• [DIRECTIONS FOR THIS TASK] Give back the entire listing below, unaltered.

• [DATA SECTION]
━━━━
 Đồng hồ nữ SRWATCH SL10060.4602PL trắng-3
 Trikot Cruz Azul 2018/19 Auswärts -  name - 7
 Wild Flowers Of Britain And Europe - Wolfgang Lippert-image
━━━━
• [SOLUTION BELOW]
 Đồng hồ nữ SRWATCH SL10060.4602PL trắng-3
 Trikot Cruz Azul 2018/19 Auswärts -  name - 7
 Wild Flowers Of Britain And Europe - Wolfgang Lippert-image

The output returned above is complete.